Never-dried pulp for the preparation of TONc was TEMPO-oxidized in accordance with previous reports (Saito et al. 2007; Johnson et al. 2009). To obtain TONc, the oxidized pulp suspensions (0.5 wt% in ultrapure water) were sonicated in 150 mL batches with an ultrasonic processor (Sonics and Materials VC 750). Sonication was performed for 20 min in a double-walled glass cooling cell connected to a cooling bath, to prevent overheating of the pulp suspensions. Unfibrillated and partially fibrillated pulp were removed by centrifugation (Eppendorf Centrifuge Model 5804, 5 min, 4,500 rpm). The transparent TONc suspensions were acidified to pH < 1.5 (using 1.0 N HCl) to convert TONc carboxylates to their acid form. The suspensions were then dialyzed (Spectra/Por regenerated cellulose membranes, Spectrum Laboratories, cut-off molecular weight 12–14 kD) to pH ~4.5 and kept refrigerated (5–8 °C) until used.

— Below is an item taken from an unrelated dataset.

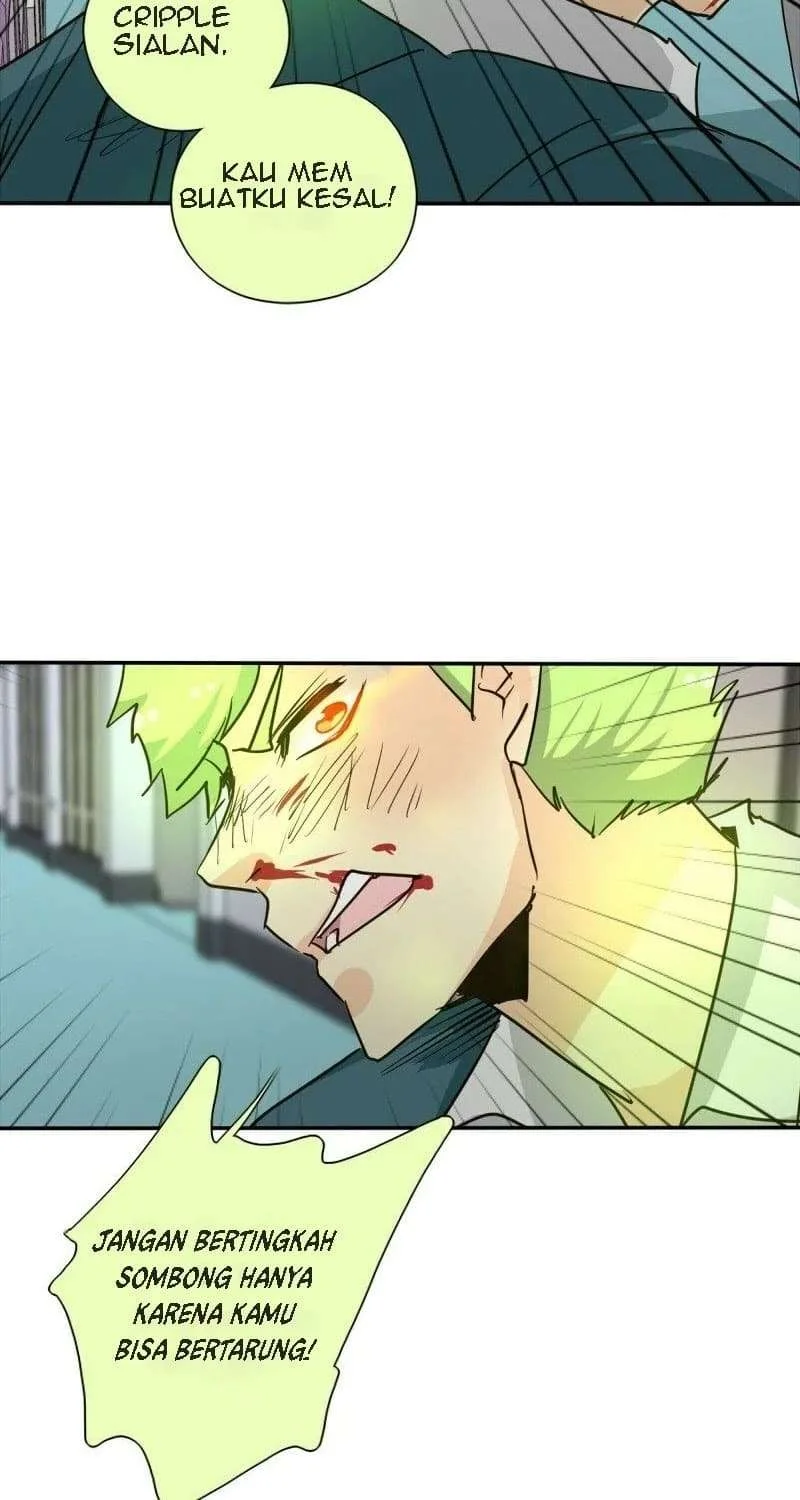 unOrdinary Chapter 124 Gambar 88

Surface modification of TONc

To achieve miscibility between ODA and aqueous TONc suspensions, a 4% w/v ODA solution was prepared in DMF and then mixed with the TONc suspensions. For both ionic complexation and amidation treatments, an ODA-to-TONc carboxyl ratio of 4:1 was used. First, the TONc suspensions (1,000 mL of 0.5 wt%, 8.1 mmol COOH) were prepared in three-neck flasks with overhead stirring (400–500 rpm) and equilibrated in an oil bath at 50 °C. With respect to ionic complexation, the ODA (8.7 g (32.4 mmol) in 250 mL DMF)-TONc mixture was maintained at pH 7.5–8.0 (using 0.5 N NaOH or 1 N HCl) for 4 h. The amidation treatment followed the EDC/NHS-mediated coupling procedure used in previous studies (Araki et al. 2001; Follain et al. 2008; Lasseuguette 2008) with minor modifications. First, EDC (7.76 g, 40.5 mmol) and NHS (5.59 g, 48.6 mmol) were dissolved in ultrapure water (20 mL) and added to the preconditioned TONc suspension. pH of the mixture was adjusted to and maintained at 5.5–6.0 for 30 min to allow TONc surface activation and then the ODA solution was added. The pH was readjusted to 7.5–8.0 and the reaction was allowed to proceed for 12 h. A control sample was also prepared by subjecting a TONc suspension to the treatment conditions but with the exclusion of ODA or coupling agents. The products of ionic complexation and amidation were designated ICmplx and Amd respectively. Figure 2 is a reaction scheme summarizing the two surface modification treatments.

Fig. 2
figure 2

Simplified schemes for modification of TONc surfaces to Amd and ICmplx

The treated samples were recovered by centrifugation, dialysis, and freeze-drying. First, centrifugation was used to isolate the nanocelluloses from the reaction medium. The nanocellulose residues were twice dispersed in ultrapure water and centrifuged to remove residual reagents. Subsequent water washes, to neutral pH, were interrupted with HCl (0.1 N) and ethanol washes to, respectively, regenerate any unconverted carboxyls remaining and to extract any unbound ODA after the treatments. The washed nanocelluloses were then dialyzed as already described (see section on TONc preparation) and dialysis was ended when the conductivity of the surrounding water remained constant.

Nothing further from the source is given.